Italy Meets the Philippines: Time and Motion from the Mediterranean to the Pacific

Instructor(s): Dori Coblentz , Mark Mikita

Timeslot(s): , , , ,

Primary Disciplines: Rapier, Rapier & Dagger, Sabre, Stick, Knife

Two sophisticated systems of time and counter-time will come together to explore the ideal moments to strike, disarm, and counter, and how to develop the skills to do so. Students will explore the concepts of opportunity and rhythm through the classical Italian school applied through rapier, rapier & dagger, and sabre, and through the lens of Cuentada the art of pre-emptive countering taught through Filipino Kali.

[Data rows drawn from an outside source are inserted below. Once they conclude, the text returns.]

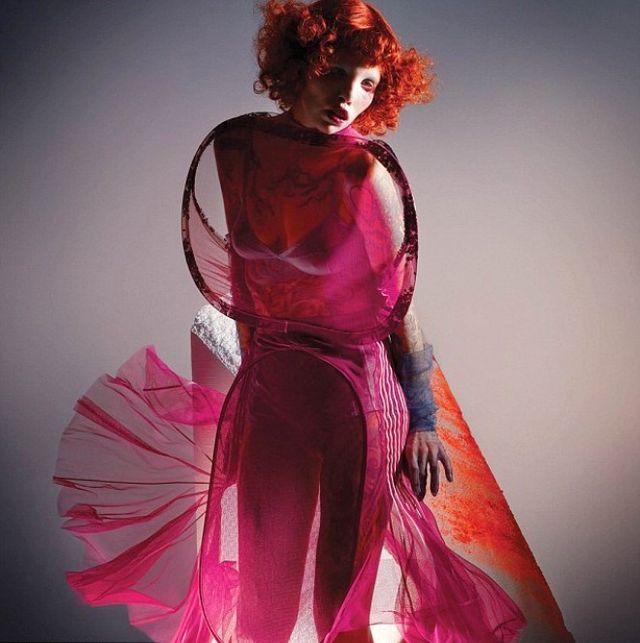 Геть стереотипи! Дівчина із моторошною патологією стала супермоделлю - фото 151813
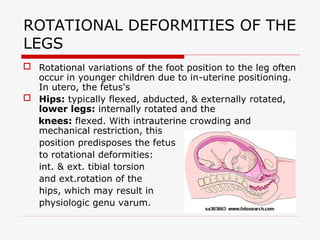Comprehensive Overview of Lower Limb Birth Deformations and Their ...
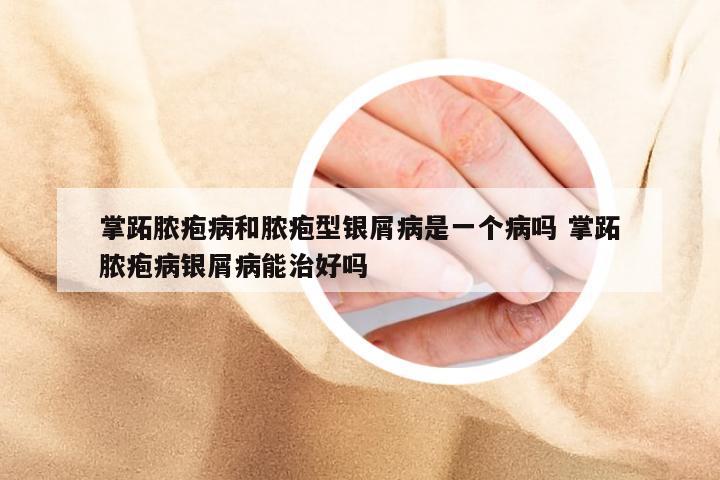 掌跖脓疱病和脓疱型银屑病是一个病吗 掌跖脓疱病银屑病能治好吗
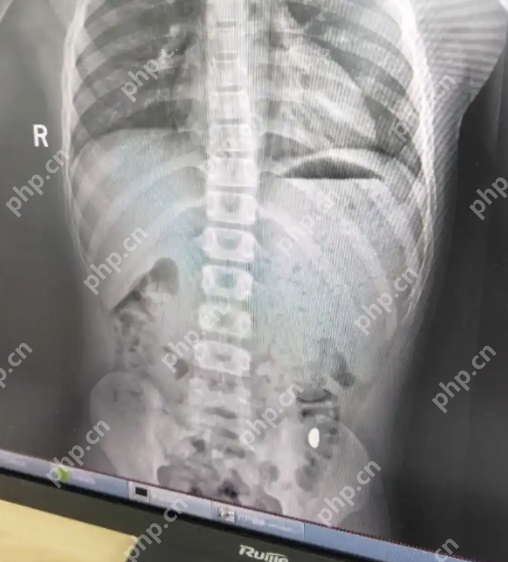 11岁男孩误吞10克重金豆,妈妈:天天叮嘱他不要在外面上厕所,有点贵 - php中文网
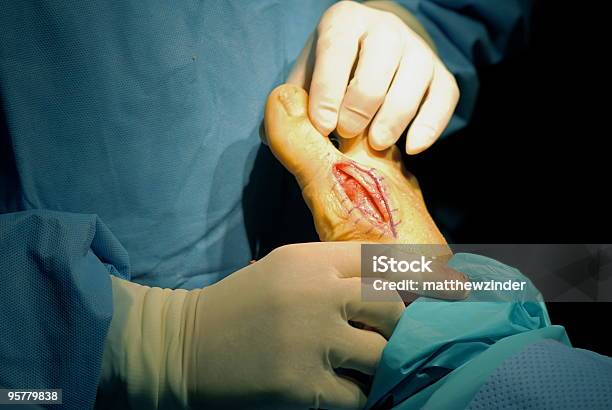 Cirurgia Após Correcção Para O Joanete - Fotografias de stock e mais imagens de Cirurgia - Cirurgia, Cirurgião ortopédico, Coluna vertebral humana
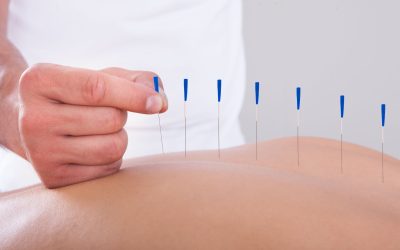 Boost Performance With Acupuncture Treatment for Athletes in Woodbine, MD, for Pain Relief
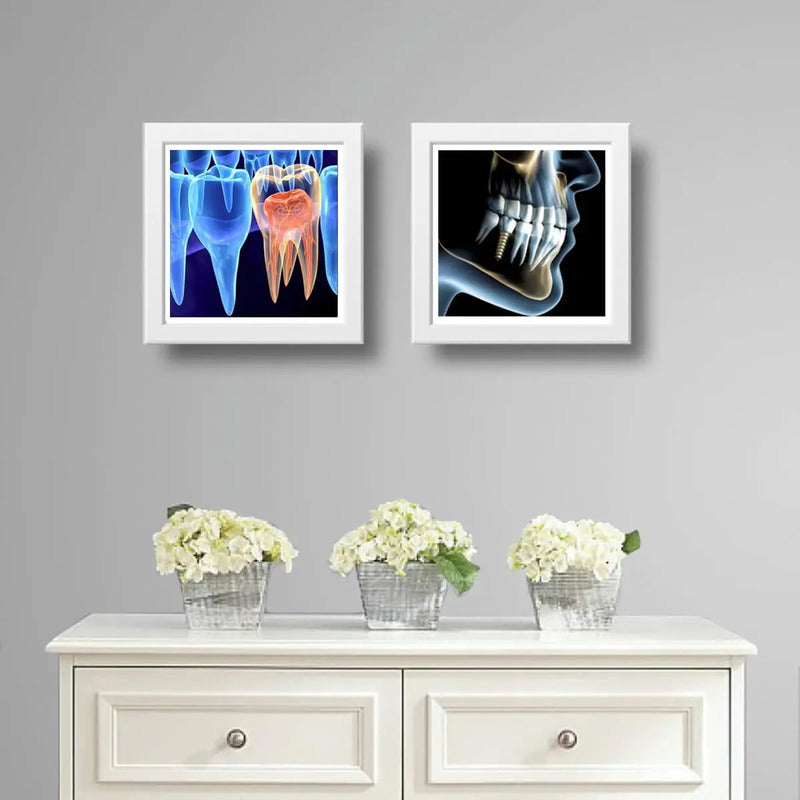 Set 2 Cuadros Implantes Dentales Dentista Clinica Decoracion
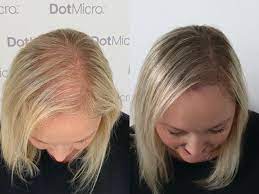 Hair loss solutions for males and females. Scalp Micropigmentation And All You Need To Know Belfast Live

Italian Martial Arts Intensive

This track focuses on developing students’ abilities to recognize, seize, and generate opportunities to hit. Both days will begin with rapier (2 hours) and end with saber (1 hour). We will take a synthetic approach to the Italian fencing discourse, incorporating both lived and textual traditions. Italian rapier masters such as Fabris, Giganti, Capoferro, Alfieri, and Marcelli are largely in agreement about the most important aspect of fencing training – mastering the control of distance (motion) and tempo (time/timing). Later instructional authors treating saber such as Pecoraro and Pessina, Barbasetti, and Gaugler show the conceptual continuity of these fencing fundamentals, but provide valuable context as to tactical discontinuities as well.

Day 1

The first session focuses on recognizing and seizing opportunity. We will practice several strategies to improve the accuracy of participants’ observations and reaction time. To improve participants’ ability to both see an opening and be able to respond with the right technique executed at the right speed we will explore footwork patterns as well as visual and tactile cues. This session will incorporate a brief review and demonstration of Italian saber including cutting mechanics, distances, and the guard position prior to the saber portion of the class (saber beginners are welcome).

Day 2

The second session will build on the previous day’s work on recognizing and seizing opportunities, and it will introduce strategies for generating opportunities to hit as well. In both rapier and saber, students will study a variety of likely responses to common attacks. Students will then practice strategies to provoke and defeat offensive and counteroffensive responses. We will explore the use of probing actions and provocations across both weapons, comparing and contrasting their technical and tactical potential.

Equipment Requirements

Fencing Mask, Fencing Jacket, Throat protection (gorget), Gloves, Chest protector, Forearm protection (recommended – we will be doing some cuts to the forearm in saber), Athletic cup (recommended), Rapier, Saber (I will have a few of these available to borrow for those who contact me in advance. Both Olympic-style sabers and heavy sabers are acceptable).

A note on chest protectors: Many fencers prefer to train without chest protectors. For this session, I prefer that participants wear chest protectors. I will bring several loaners of different sizes and shapes. Chest protectors are important for both men and women both because you will be getting hit in the same few square inches of chest several hundred times over the course of this weekend and because this class incorporates actions with dynamic movement and sudden changes of direction, which increases the possibility of accidental hard hits.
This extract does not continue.